YOUR INSTRUCTIONS.
Which lines belong in your copy? Those from the start of the data through the line with "Ralph Lauren classic", exactly as written, without any pictures.

ENTRIES SHOWN.
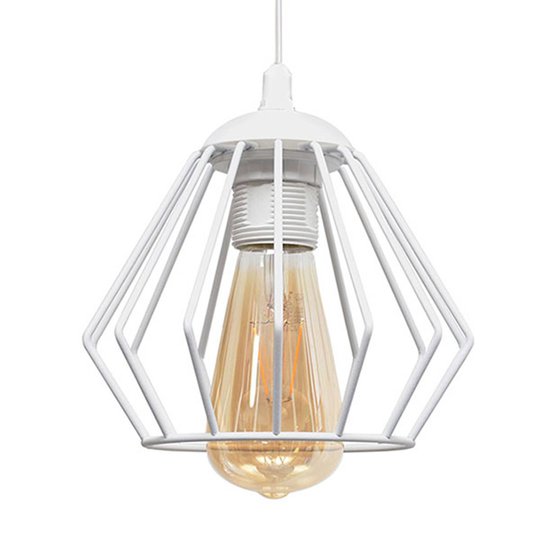 Pendellampa Agat vit, 1 lampa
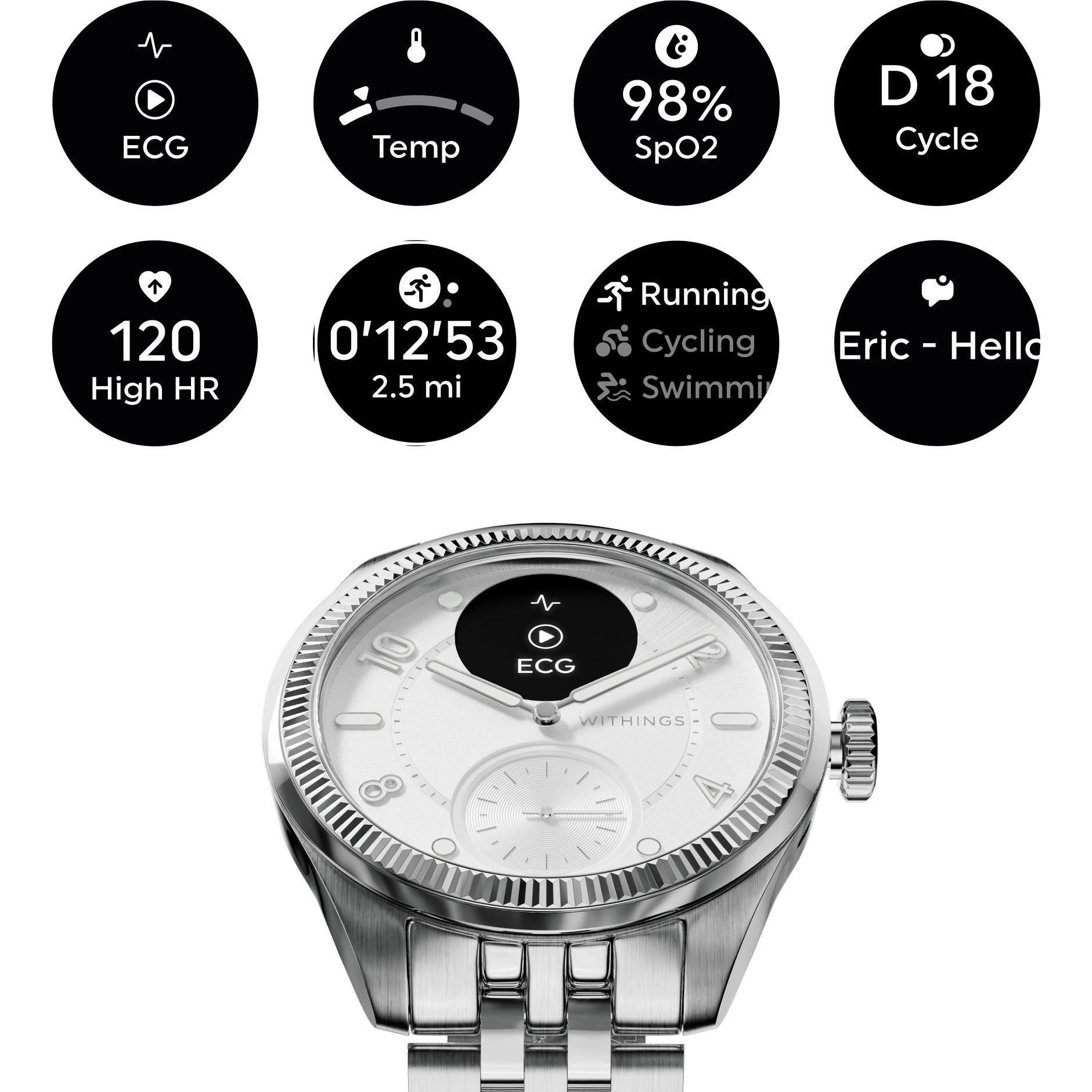 Withings Scanwatch Nova Brilliant Edition (Silver)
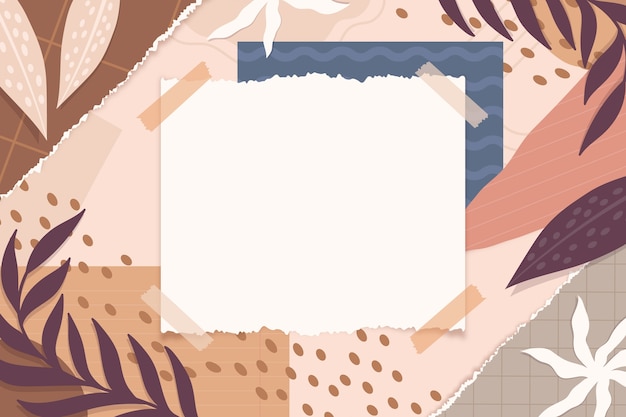 Free vector hand drawn collage background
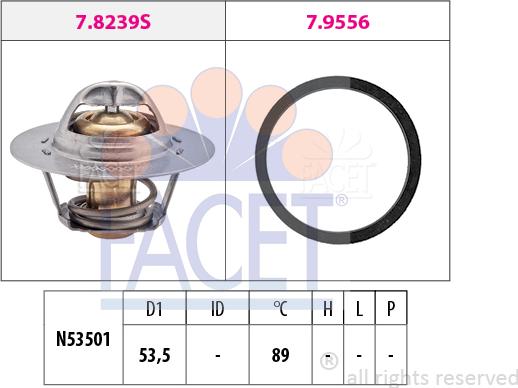 FACET 7.8297 - Thermostat, Kühlmittel alexcarstop-ersatzteile.com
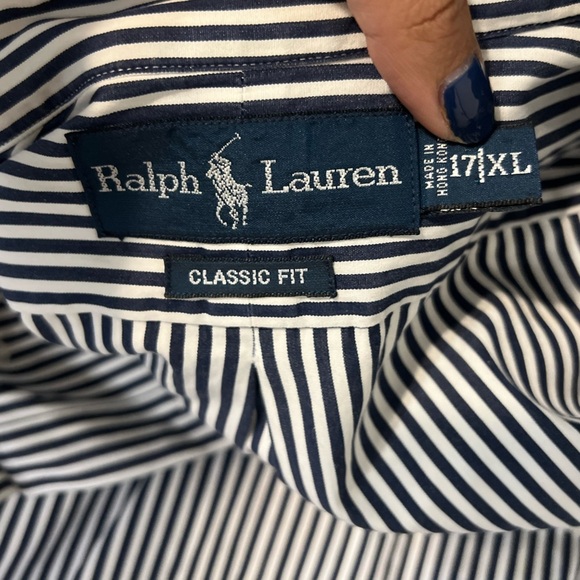Ralph Lauren classic fit men’s button down collars  dress shirt size XL - Picture 5 of 6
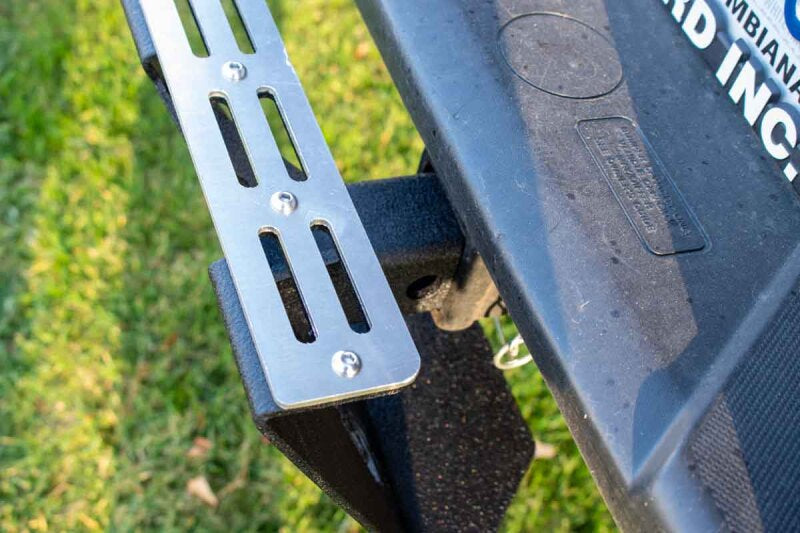 Fishbone Offroad 2In Receiver Hitch Mounted Step - Black Powdercoat Steel Hitch Accessories Fishbone Offroad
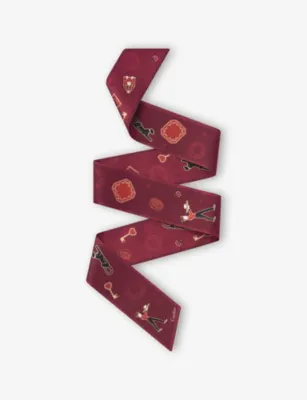 CARTIER Diabolo de Cartier Bandeau Printed Silk-Twill Scarf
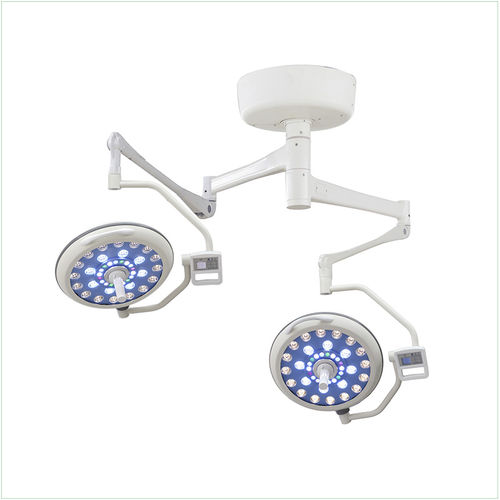 Scialytique plafonnier - Multi-color Plus E500/500 - Nanchang Micare Medical Equipment - LED / vétérinaire / 2 bras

RESPONSE AREA.
 Pendellampa Agat vit, 1 lampa
 Withings Scanwatch Nova Brilliant Edition (Silver)
 Free vector hand drawn collage background
 FACET 7.8297 - Thermostat, Kühlmittel alexcarstop-ersatzteile.com
Ralph Lauren classic fit men’s button down collars  dress shirt size XL - Picture 5 of 6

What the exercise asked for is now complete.